Even with low tide, stained water and SE blowing the fish are there. Quick trip Fri. night. sometimes you just gotta go.


----------



## drifterfisher (Oct 9, 2009)

Nice catch,btw you suck.... I went sat night,we hit the water about 7pm and come in about 7am.We did get a few sheephead....and was donated 4 flounder from a very cool dude.


----------



## jhamilton226 (Oct 1, 2010)

Nice haul Bama...got some decent size ones too! Hey Drifter, what area were you fishing in Saturday?? It took us a few hours of poling but it seemed like they all hit the beach at once on us right before midnight in the perdido area...sorry you struck out, hope that wasn't you in the boat hitting the beach behind me as I was leaving with my fish Saturday


----------



## drifterfisher (Oct 9, 2009)

I put in on the south end of 3 mile bridge.Hit south to the "point" ,across to the fort pickens area and back to the east side of the bridge till it turned day light.I cant go out the pass in my boat so no I wasnt on the beach.I have to ask what kinda boat ya got that will make it out the pass and float shallow nuff to flounder in?

I did go buy an AL fishing lis. I am going to make a trip to the AL side one night,FL has no flounder that I can find.Maybe its just me...


----------



## jhamilton226 (Oct 1, 2010)

oh..hehe, sorry...any where that sand meets salt water around here is the beach to me!
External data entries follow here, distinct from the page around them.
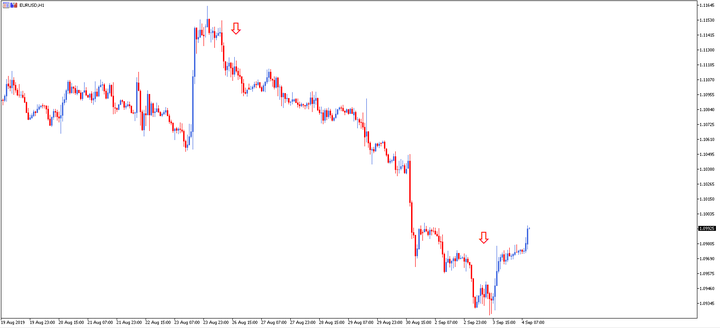 vendere cfds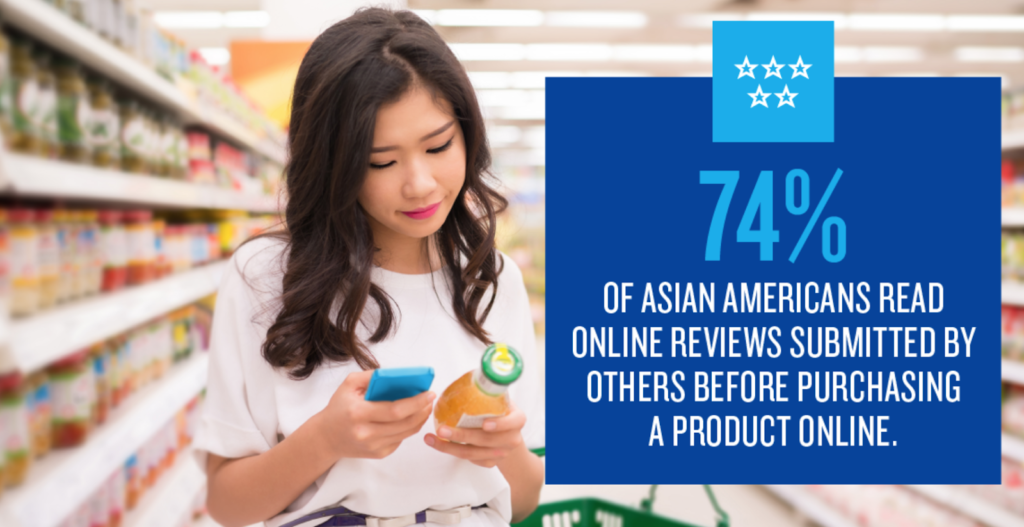 Asian American online review usage 2019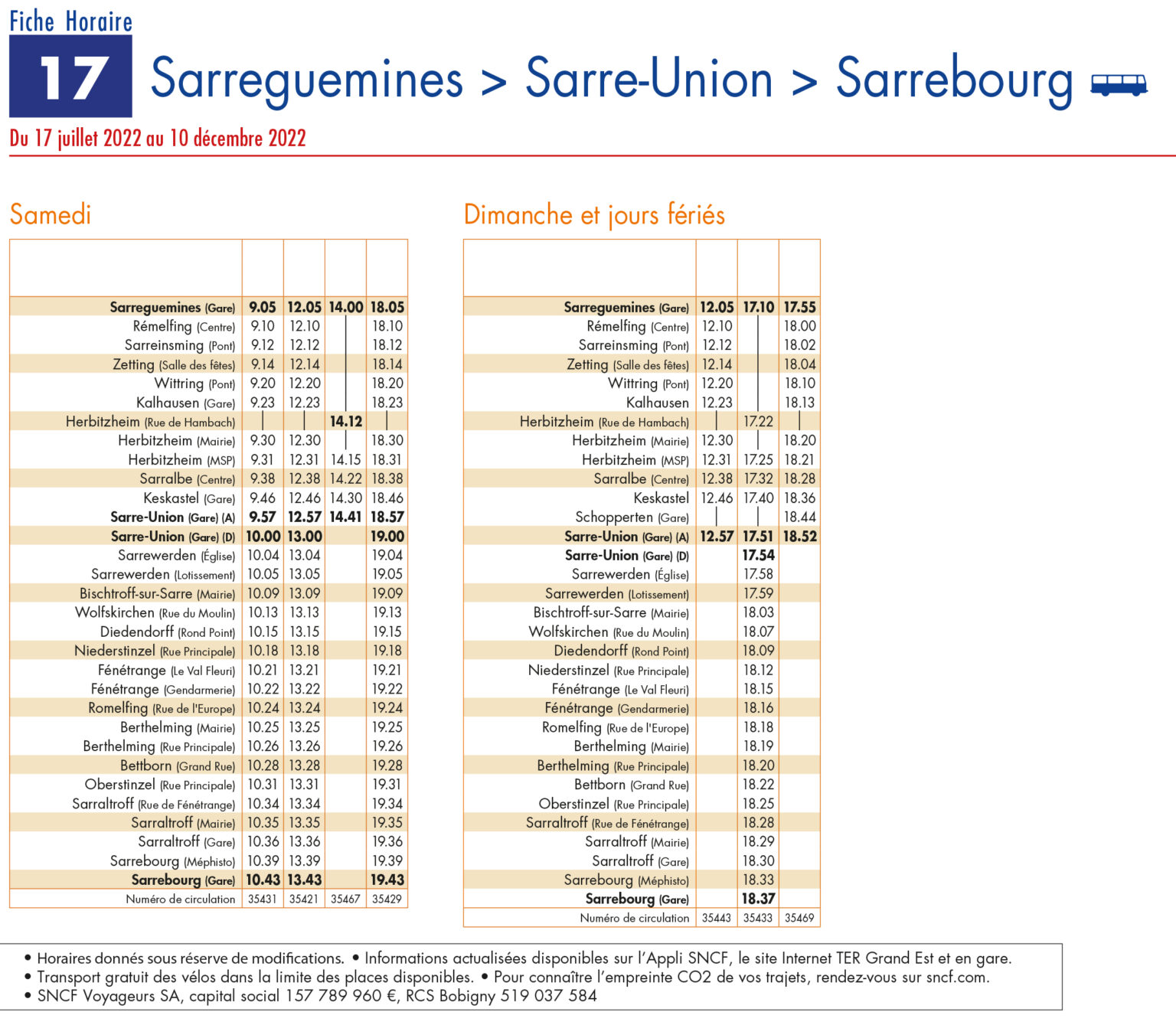 Transports – Commune de Sarre-Union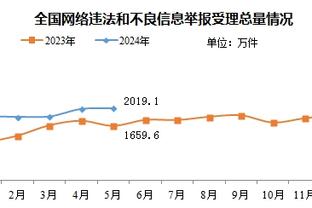 雷竞技破解截图4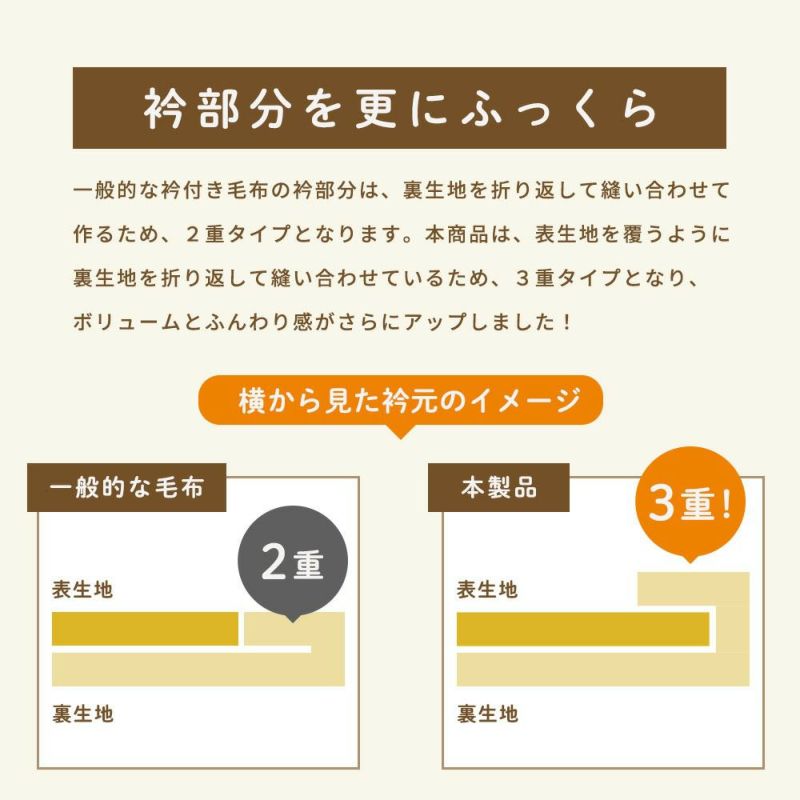 【掛け敷きセット】西川毛布敷きパッドセミダブルメガオーロラシングル2枚合わせ超ハイボリューム極厚衿付き160×210cm120×205掛け毛布毛布パッド毛布敷きパッドパッドシーツボリューム京都西川敷パッド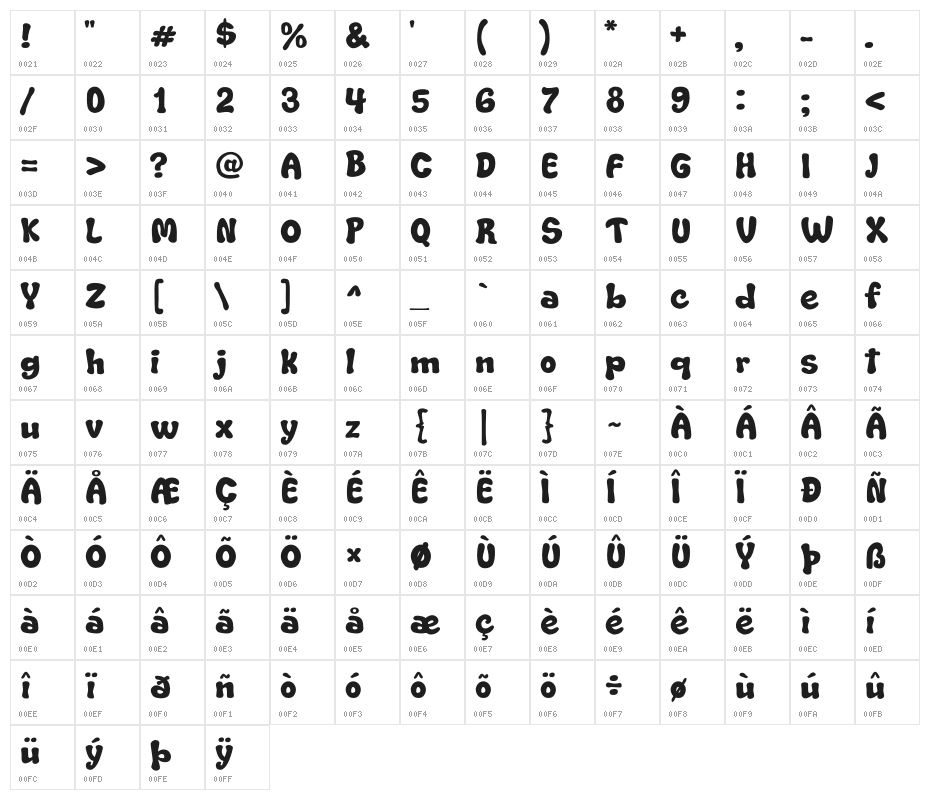 SoftMarshmallowTurbo Character Map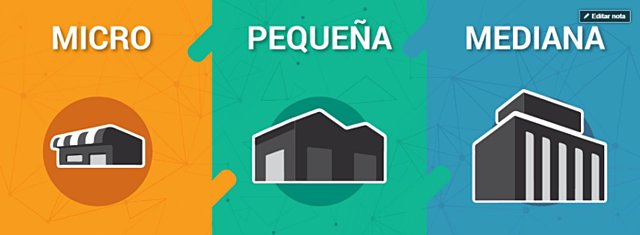 EXPANSIÓN DE LA ACTIVIDAD INDUSTRIAL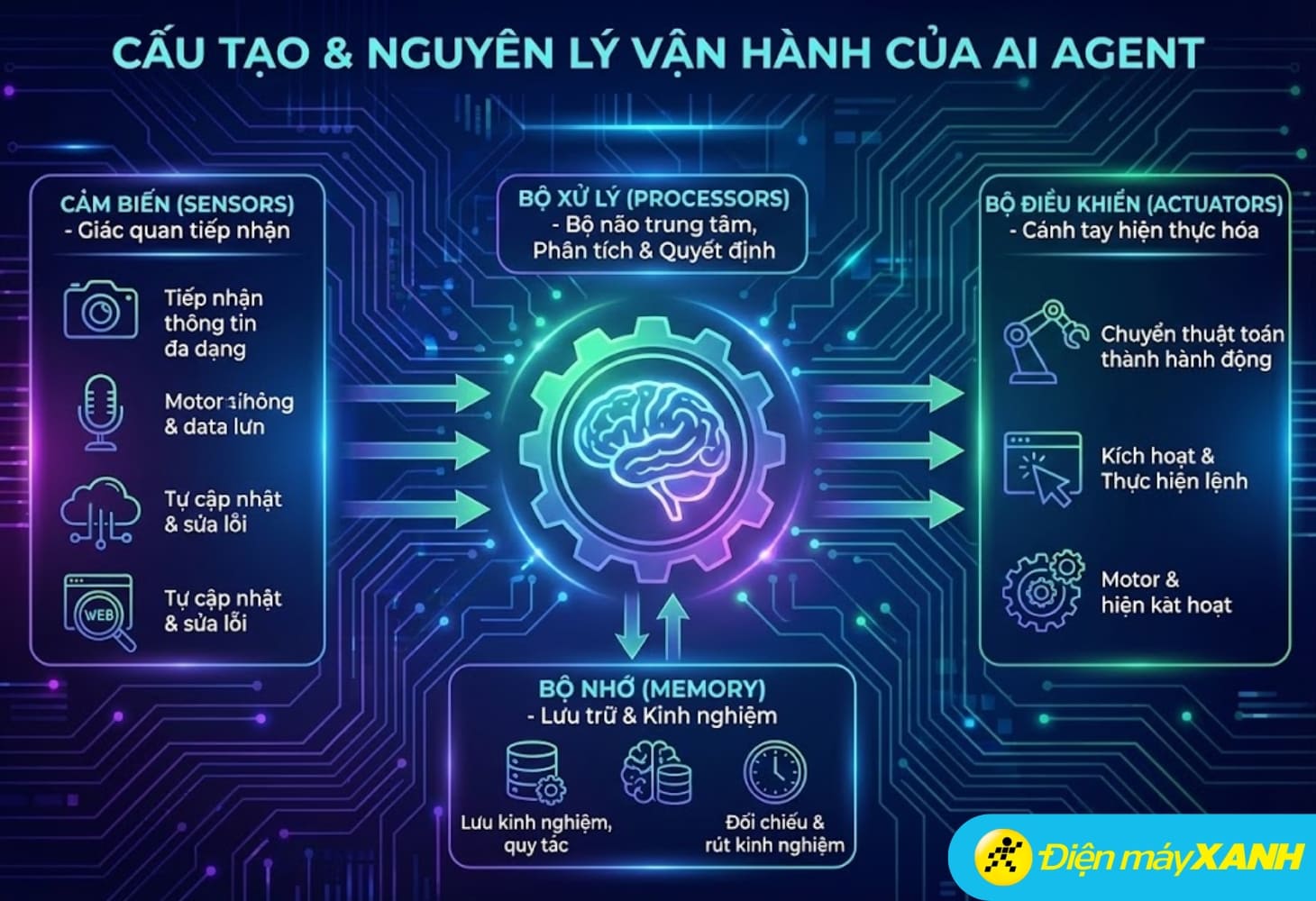 Cấu tạo và nguyên lý vận hành của AI Agent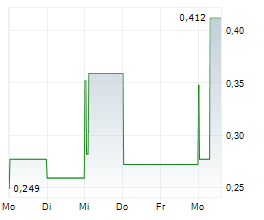 CLIMEON AB Chart 1 Jahr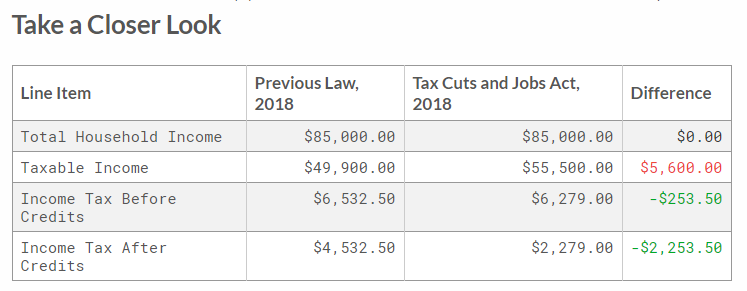 Income_Tax_Expense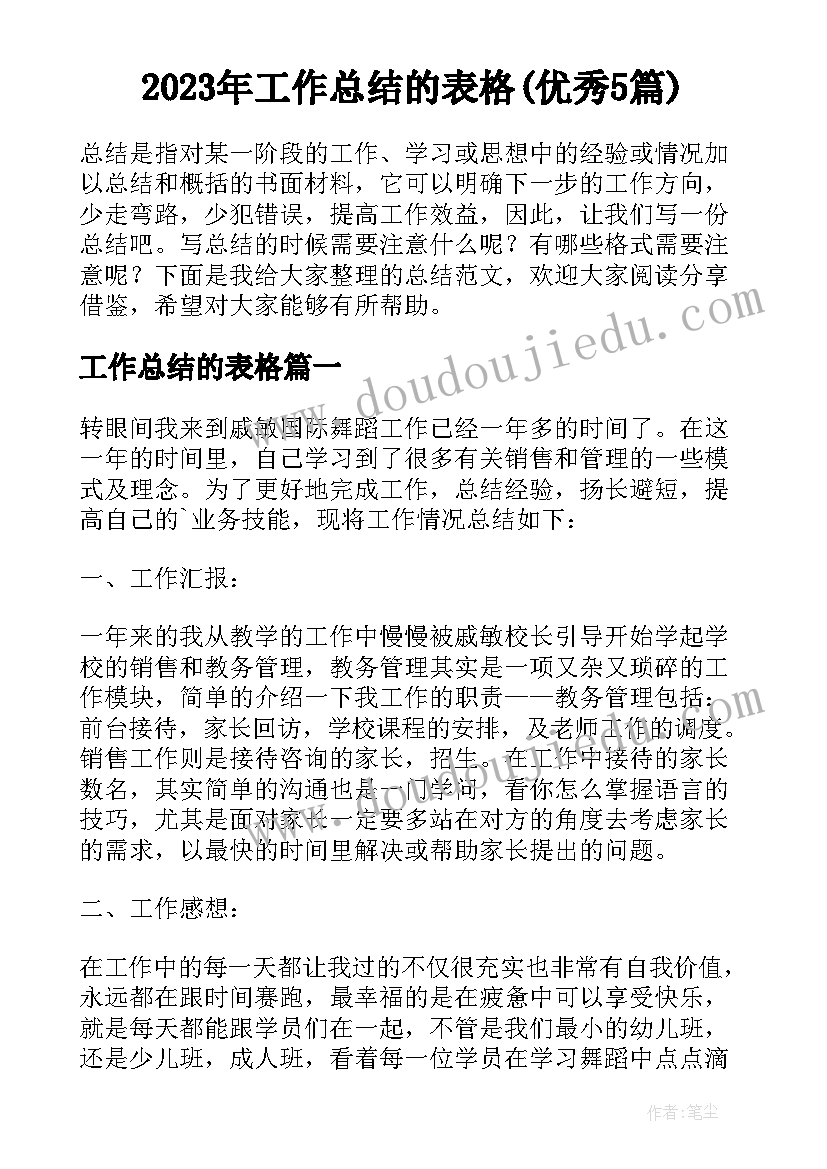 最新大班妇女节方案(实用9篇)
Which is funny because I surf more than I fish so you'd think I'd make a greater distinction!!! lol, No no no I don't go in the gulf either...just figured out the avatar pic thing so the one on my posts is my boat... 14' Carolina Skiff, it could "survive" in the gulf but I don't want to... couple of 75 watt wadding lights rigged up with pvc and a 12 volt battery, runs me good all night for the most part... I stay in the bays and bayous for sure...sorry for the confusion, just got lucky Saturday I suppose...hope that luck continues!


----------